Project 4 LUNG

ABSTRACT – FULL PROJECT 4 LUNG Lung cancer is a prominent source of cancer health disparity, particularly in Black men. While they have lower exposure to cigarette smoke, the most common risk factor for lung cancer, Black men have a 37% higher risk for lung cancer than White men. In addition, the 5-year survival of Black men and women is below that of White

subjects. Numerous causes likely underlie these differences, including genetic differences. The latter may affect the metabolism of nicotine/tobacco smoke components, responses to therapy, and differences in cancer driver gene mutations. To understand the effects of the genetic differences between racial/ethnic groups on lung cancer

development and treatment, we need to characterize the driver mutations in lung adenocarcinoma (LUAD, the most common type of lung cancer) in Black Americans and develop in vitro lung cancer model systems that reflect the relevant mutations in the correct genetic background. There is a notable lack of cell line models for

lung adenocarcinoma from Black Americans, with no Black cell lines from alveolar epithelial cells (the LUAD progenitors) and only 5 known LUAD cell lines (compared to 67 White cell lines). While targeted therapies are available for a subset of LUAD, in vitro systems to test therapeutics in Black Americans are sorely lacking. We

hypothesize that due to genetic differences, LUAD in Blacks will have a unique repertoire of cancer driver genes and will respond to targeted therapies distinctly from white LUAD. This proposal represents an interdisciplinary collaboration in which a medicinal (bio)chemist from FAMU (Dr. Lamango), a biomedical engineer from UF (Dr.

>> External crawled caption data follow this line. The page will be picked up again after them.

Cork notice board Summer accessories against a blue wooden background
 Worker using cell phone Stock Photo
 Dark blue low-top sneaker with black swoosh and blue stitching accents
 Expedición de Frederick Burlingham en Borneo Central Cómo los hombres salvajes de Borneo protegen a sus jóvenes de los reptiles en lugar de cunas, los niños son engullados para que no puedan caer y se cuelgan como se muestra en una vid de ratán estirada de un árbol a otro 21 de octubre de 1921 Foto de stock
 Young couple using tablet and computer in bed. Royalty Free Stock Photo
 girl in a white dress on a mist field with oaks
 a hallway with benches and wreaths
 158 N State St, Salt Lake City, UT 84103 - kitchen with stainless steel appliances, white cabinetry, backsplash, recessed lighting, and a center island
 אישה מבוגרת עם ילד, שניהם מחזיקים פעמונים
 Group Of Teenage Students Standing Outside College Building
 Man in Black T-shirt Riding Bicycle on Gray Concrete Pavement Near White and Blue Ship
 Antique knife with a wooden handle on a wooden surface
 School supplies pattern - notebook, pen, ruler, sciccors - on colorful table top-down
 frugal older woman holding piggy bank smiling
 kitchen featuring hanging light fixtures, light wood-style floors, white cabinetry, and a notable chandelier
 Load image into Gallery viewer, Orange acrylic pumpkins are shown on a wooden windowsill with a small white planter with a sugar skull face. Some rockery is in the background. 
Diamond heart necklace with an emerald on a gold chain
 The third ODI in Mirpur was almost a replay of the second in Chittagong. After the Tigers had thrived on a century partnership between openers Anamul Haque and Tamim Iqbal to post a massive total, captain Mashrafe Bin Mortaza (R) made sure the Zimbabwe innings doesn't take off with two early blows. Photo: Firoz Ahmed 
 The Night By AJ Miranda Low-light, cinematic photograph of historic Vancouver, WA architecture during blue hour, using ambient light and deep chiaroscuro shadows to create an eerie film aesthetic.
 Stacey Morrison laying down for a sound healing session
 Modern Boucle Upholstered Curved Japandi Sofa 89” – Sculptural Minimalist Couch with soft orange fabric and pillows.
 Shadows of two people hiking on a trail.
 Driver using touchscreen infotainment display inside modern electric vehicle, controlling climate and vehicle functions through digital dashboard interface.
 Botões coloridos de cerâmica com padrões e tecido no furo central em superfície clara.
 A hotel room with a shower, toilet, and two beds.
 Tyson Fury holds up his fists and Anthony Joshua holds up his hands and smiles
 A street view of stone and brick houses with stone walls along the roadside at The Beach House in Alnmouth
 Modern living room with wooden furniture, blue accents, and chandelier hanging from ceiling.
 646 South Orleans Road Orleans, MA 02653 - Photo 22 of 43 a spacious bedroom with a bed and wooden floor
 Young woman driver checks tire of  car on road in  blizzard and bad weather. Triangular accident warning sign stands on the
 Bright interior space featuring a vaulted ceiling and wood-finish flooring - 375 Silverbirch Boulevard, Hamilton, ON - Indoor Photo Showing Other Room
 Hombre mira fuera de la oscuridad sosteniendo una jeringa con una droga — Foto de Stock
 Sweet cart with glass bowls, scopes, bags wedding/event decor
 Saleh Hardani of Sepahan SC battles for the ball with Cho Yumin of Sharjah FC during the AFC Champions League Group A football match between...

Huang), and a molecular geneticist from USC (Dr. Offringa) combine their innovative resources to tackle the pronounced health disparities in lung cancer in Black Americans. We will do so through three Specific Aims: In Aim 1, we will identify the main driver mutational signatures of lung adenocarcinoma from 100 Black Americans,

who are 5-fold underrepresented in mutational studies. In Aim 2, we will develop new immortalized alveolar and lung adenocarcinoma cell lines from Black subjects and use these and existing cell lines to develop 2- dimensional (2D) and 3-dimensional (3D) in vitro models. We will test promising drugs (polyisoprenylated

cysteinyl amide inhibitors (PCAIs)) developed by the Lamango lab, that target the KRAS pathway which is frequently mutated in LUAD. As time allows we will also test other targeted therapeutics and combinations of drugs. In Aim 3 we will develop a novel 3D-printed bone cancer metastasis model to study the differential efficacy

of PCAIs and other targeted therapeutics on cancer cell cytotoxicity, migration, and invasion. Bone is the most common metastatic site of LUAD. The three proposed Specific Aims address the lack of knowledge about cancer driver genes in Black American lung adenocarcinoma, generate a collection of normal alveolar and lung

adenocarcinoma cell lines from Black subjects that will be used to establish race-appropriate models and will be a great resource for others, and allow the testing of therapeutics on cells from Black Americans using 2D, 3D, and bone metastasis models.